Mais le film de Lee Hae-joon est avant tout un film qui parle de connexion ; pas de ces connexions virtuelles que nous avons à travers nos écrans, mais de connexions humaines.
Le réalisateur illustre d’ailleurs cette opposition entre connexion virtuelle et réelle tout au long du film.
Dans une scène du début, Kim Seung-geun cherche à tout prix à contacter avec son téléphone quelqu’un pour le tirer de ce pétrin dans lequel il s’est fourré, mais toutes ses tentatives sont vouées à l’échec.
De même, Kim Jung-yeon, à travers internet n’arrive à obtenir que des connexions humaines factices basées sur le culte de l’apparence.
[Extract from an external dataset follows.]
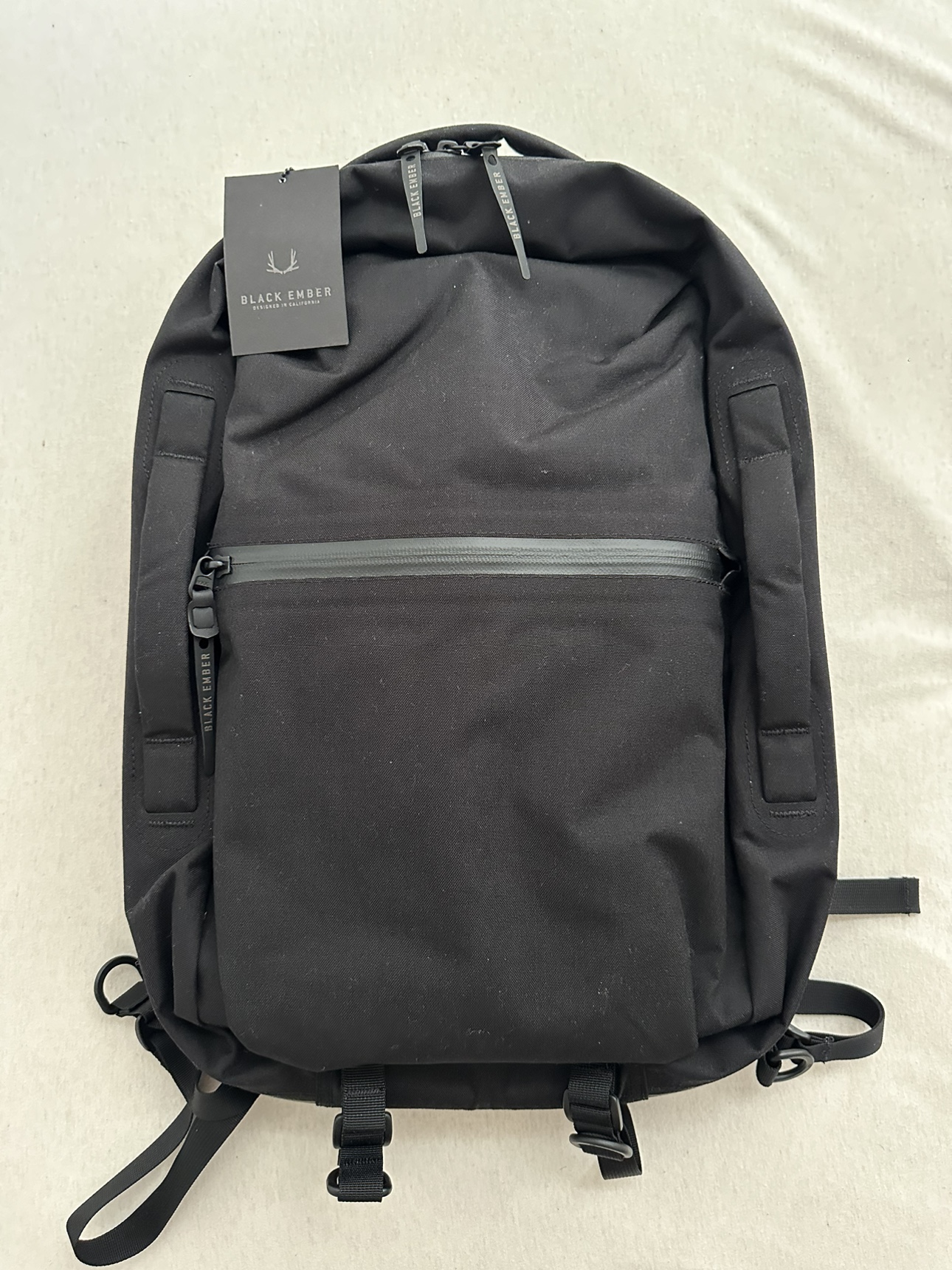 Black Ember Backpack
Ce n’est que lorsqu’ils abandonneront ces outils technologiques et se remettront à communiquer par l’entremise de moyens classiques : des mots écrits sur la plage pour lui, et une bouteille avec un message (dans un contre pied plein d’humour du lieu commun de la bouteille à la mer) pour elle qu’ils parviendront l’un et l’autre à recréer un lien véritable.
Ce thème de la connexion se reflète jusque dans le genre du film qu’on peut rattacher à la comédie romantique, dont chacun sait qu'il est un genre qui parle justement de deux individus qui se trouvent, se reconnaissent, et dépassent leur solitude respective ; et Des nouilles aux haricots noirs va jouer intelligemment de ces motifs.
Mais réduire ce film à ce seul aspect n’est pas lui rendre justice. C’est un film drôle, touchant dans son message sur nos solitudes modernes, profondément humain, avec des moments de mise en scène très réussis, une photographie qui ne l’est pas moins et qui en plus est brillamment interprété avec à la fois une certaine sobriété et une pointe de folie.
Bref, le film est excellent, et je vous le conseille au plus haut point si vous ne l’avez pas encore vu. Un dernier conseil qui s’avérera des plus judicieux néanmoins en guise de conclusion : vous devriez vous préparer un bon bol de nouilles aux haricots noirs avant de le lancer, car vous risqueriez d’être un rien frustré si vous oubliiez cet accessoire essentiel à la bonne tenue de votre séance. N’hésitez pas à le déguster en compagnie d’une personne chère à votre cœur afin de parfaire l'expérience.